Dataset entries
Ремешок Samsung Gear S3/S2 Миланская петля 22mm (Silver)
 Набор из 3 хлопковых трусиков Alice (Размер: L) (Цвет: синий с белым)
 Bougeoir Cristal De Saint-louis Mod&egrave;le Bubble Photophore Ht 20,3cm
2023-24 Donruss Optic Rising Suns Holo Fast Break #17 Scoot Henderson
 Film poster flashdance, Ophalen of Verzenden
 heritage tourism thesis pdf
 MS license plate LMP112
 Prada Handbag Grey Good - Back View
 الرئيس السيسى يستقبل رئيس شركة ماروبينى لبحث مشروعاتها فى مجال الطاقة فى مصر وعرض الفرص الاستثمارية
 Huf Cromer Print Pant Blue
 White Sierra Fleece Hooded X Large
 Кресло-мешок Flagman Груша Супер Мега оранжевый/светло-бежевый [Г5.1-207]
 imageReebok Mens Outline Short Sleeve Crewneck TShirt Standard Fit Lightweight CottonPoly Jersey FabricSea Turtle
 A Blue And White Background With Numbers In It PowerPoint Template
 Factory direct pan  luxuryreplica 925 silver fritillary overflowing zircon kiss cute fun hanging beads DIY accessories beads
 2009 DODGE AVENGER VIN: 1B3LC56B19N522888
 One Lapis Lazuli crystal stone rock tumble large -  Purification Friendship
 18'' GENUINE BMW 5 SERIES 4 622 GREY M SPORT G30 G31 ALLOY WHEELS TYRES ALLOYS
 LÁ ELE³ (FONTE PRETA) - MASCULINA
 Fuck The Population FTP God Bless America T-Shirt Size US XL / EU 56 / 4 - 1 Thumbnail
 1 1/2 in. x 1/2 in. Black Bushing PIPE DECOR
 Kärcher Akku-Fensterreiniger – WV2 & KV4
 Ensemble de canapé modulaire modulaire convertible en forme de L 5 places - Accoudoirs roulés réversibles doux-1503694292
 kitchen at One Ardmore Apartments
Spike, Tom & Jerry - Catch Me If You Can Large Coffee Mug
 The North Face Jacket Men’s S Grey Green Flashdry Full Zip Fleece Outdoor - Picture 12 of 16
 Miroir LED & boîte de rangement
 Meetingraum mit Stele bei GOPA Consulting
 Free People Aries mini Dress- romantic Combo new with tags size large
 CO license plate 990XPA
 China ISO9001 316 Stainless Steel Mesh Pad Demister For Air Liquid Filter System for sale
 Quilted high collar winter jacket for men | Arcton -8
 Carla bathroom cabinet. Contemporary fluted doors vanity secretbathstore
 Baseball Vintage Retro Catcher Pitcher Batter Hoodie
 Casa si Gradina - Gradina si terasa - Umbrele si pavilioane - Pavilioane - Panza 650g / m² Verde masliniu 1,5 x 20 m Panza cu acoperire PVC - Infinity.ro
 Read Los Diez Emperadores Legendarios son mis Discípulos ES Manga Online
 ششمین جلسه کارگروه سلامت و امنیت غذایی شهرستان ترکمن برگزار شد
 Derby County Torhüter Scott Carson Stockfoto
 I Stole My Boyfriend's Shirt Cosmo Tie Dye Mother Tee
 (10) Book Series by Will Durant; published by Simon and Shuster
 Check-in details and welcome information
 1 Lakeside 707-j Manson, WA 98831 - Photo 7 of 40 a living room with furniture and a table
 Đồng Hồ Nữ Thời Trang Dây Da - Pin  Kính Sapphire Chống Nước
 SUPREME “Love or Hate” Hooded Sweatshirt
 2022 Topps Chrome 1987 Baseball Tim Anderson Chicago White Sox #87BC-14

=== Brief ===
Print the entries exactly.

=== Exercise output ===
Ремешок Samsung Gear S3/S2 Миланская петля 22mm (Silver)
 Набор из 3 хлопковых трусиков Alice (Размер: L) (Цвет: синий с белым)
 Bougeoir Cristal De Saint-louis Mod&egrave;le Bubble Photophore Ht 20,3cm
2023-24 Donruss Optic Rising Suns Holo Fast Break #17 Scoot Henderson
 Film poster flashdance, Ophalen of Verzenden
 heritage tourism thesis pdf
 MS license plate LMP112
 Prada Handbag Grey Good - Back View
 الرئيس السيسى يستقبل رئيس شركة ماروبينى لبحث مشروعاتها فى مجال الطاقة فى مصر وعرض الفرص الاستثمارية
 Huf Cromer Print Pant Blue
 White Sierra Fleece Hooded X Large
 Кресло-мешок Flagman Груша Супер Мега оранжевый/светло-бежевый [Г5.1-207]
 imageReebok Mens Outline Short Sleeve Crewneck TShirt Standard Fit Lightweight CottonPoly Jersey FabricSea Turtle
 A Blue And White Background With Numbers In It PowerPoint Template
 Factory direct pan  luxuryreplica 925 silver fritillary overflowing zircon kiss cute fun hanging beads DIY accessories beads
 2009 DODGE AVENGER VIN: 1B3LC56B19N522888
 One Lapis Lazuli crystal stone rock tumble large -  Purification Friendship
 18'' GENUINE BMW 5 SERIES 4 622 GREY M SPORT G30 G31 ALLOY WHEELS TYRES ALLOYS
 LÁ ELE³ (FONTE PRETA) - MASCULINA
 Fuck The Population FTP God Bless America T-Shirt Size US XL / EU 56 / 4 - 1 Thumbnail
 1 1/2 in. x 1/2 in. Black Bushing PIPE DECOR
 Kärcher Akku-Fensterreiniger – WV2 & KV4
 Ensemble de canapé modulaire modulaire convertible en forme de L 5 places - Accoudoirs roulés réversibles doux-1503694292
 kitchen at One Ardmore Apartments
Spike, Tom & Jerry - Catch Me If You Can Large Coffee Mug
 The North Face Jacket Men’s S Grey Green Flashdry Full Zip Fleece Outdoor - Picture 12 of 16
 Miroir LED & boîte de rangement
 Meetingraum mit Stele bei GOPA Consulting
 Free People Aries mini Dress- romantic Combo new with tags size large
 CO license plate 990XPA
 China ISO9001 316 Stainless Steel Mesh Pad Demister For Air Liquid Filter System for sale
 Quilted high collar winter jacket for men | Arcton -8
 Carla bathroom cabinet. Contemporary fluted doors vanity secretbathstore
 Baseball Vintage Retro Catcher Pitcher Batter Hoodie
 Casa si Gradina - Gradina si terasa - Umbrele si pavilioane - Pavilioane - Panza 650g / m² Verde masliniu 1,5 x 20 m Panza cu acoperire PVC - Infinity.ro
 Read Los Diez Emperadores Legendarios son mis Discípulos ES Manga Online
 ششمین جلسه کارگروه سلامت و امنیت غذایی شهرستان ترکمن برگزار شد
 Derby County Torhüter Scott Carson Stockfoto
 I Stole My Boyfriend's Shirt Cosmo Tie Dye Mother Tee
 (10) Book Series by Will Durant; published by Simon and Shuster
 Check-in details and welcome information
 1 Lakeside 707-j Manson, WA 98831 - Photo 7 of 40 a living room with furniture and a table
 Đồng Hồ Nữ Thời Trang Dây Da - Pin  Kính Sapphire Chống Nước
 SUPREME “Love or Hate” Hooded Sweatshirt
 2022 Topps Chrome 1987 Baseball Tim Anderson Chicago White Sox #87BC-14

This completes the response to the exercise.